Ouest-France, 4 septembre 2016: les communistes mobilisent la population rennaise pour la défense des bureaux de poste

Un événement politique depuis le début de l'été à Rennes : un fort mouvement populaire court dans toute la population pour se saisir des pétitions syndicales et du PCF qui affichent déjà , ensemble , plus de 6000 signatures .

Mesurons bien la force des exigences exprimées là . Elles s'ajoutent et/ou se fondent dans la grande colère du printemps dernier contre la loi El Khomri .

Eh oui , il est plus que temps d'organiser la résistance aux méfaits , aux forfaits ( le triple coup de force du 49-3 ) qui peuvent nous conduire vers le pire .

C'en est assez !

"Rêvons" du retour des " Jours heureux " , rêvons de " la Sociale " ( nouveau film de Gilles Perret )

https://youtu.be/_FJ19Zk5h34

Jacky Rivoalan (PCF Rennes).

Voir l'article de Ouest-France aujourd'hui:

A Rennes, 3500 signatures pour le maintien des bureaux de poste
http://www.ouest-france.fr/bretagne/rennes-35000/rennes-3500-signatures-pour-le-maintien-des-bureaux-de-poste-4450223

La Poste a annoncé la fermeture de sept bureaux, dans les quartiers de Rennes (Coëtlogon, Danton, Hoche, Oberthur, La Poterie, Rapatel et Saint-Hélier ). Leur activité sera transférée dans des commerces situés à proximité. Selon la direction régionale, cette évolution viendrait répondre à celle des comportements et des attentes des usagers. Mobilisé contre cette décision, le Parti communiste a recueilli des signatures, tout au long de l’été et sur les marchés. Dont 420 aux Lices, hier matin.

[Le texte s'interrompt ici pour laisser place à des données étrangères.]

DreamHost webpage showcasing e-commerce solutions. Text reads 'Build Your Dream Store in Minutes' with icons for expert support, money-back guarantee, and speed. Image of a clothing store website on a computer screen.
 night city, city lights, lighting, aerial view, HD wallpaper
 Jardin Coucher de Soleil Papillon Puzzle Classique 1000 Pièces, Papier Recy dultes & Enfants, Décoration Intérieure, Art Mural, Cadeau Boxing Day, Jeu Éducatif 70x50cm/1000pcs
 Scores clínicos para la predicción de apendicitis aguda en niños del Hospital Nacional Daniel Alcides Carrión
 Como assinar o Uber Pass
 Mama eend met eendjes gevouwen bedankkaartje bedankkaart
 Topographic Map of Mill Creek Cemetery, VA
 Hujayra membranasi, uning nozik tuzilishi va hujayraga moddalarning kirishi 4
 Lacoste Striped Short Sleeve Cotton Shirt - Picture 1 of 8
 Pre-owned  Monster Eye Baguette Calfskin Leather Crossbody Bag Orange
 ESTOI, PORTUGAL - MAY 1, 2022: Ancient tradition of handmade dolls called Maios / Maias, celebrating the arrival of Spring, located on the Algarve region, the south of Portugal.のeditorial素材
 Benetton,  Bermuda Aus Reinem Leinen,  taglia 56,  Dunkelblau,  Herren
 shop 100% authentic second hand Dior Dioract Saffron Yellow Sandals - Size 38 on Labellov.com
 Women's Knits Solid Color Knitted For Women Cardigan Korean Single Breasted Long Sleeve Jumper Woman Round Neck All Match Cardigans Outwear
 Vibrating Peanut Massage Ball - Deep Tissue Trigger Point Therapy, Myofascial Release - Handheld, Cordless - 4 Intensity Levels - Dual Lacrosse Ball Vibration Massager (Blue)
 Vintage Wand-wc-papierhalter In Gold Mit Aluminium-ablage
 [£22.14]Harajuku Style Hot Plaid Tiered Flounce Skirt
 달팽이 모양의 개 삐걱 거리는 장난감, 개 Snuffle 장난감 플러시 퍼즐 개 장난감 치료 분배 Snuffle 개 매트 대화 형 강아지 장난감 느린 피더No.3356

Au début de l'été, La Poste a annoncé la fermeture de 7 des 19 bureaux de poste rennais, dans les quartiers de la ville (Coëtlogon, Danton, Hoche, Oberthur, La Poterie, Rapatel et Saint-Hélier). Cette décision a fait se lever le Parti communiste et sa section de Rennes métropole. Au cours des dernières semaines, les militants ont fait circuler une pétition. Une initiative menée conjointement avec des syndicats.

Inquiétude et colère

Hier, au terme d’une signature de deux heures sur le marché des Lices, le matin, ils avaient recueilli 420 signatures. Celles-ci s’ajoutent aux 3 000 déjà remises à la direction de la Poste, jeudi 1er septembre. L’après-midi, la pétition signée a été remise à Daniel Guillotin, élu de permanence, en mairie. Une trentaine de personnes étaient rassemblées pour manifester leur inquiétude et leur colère, devant l'hôtel de Ville.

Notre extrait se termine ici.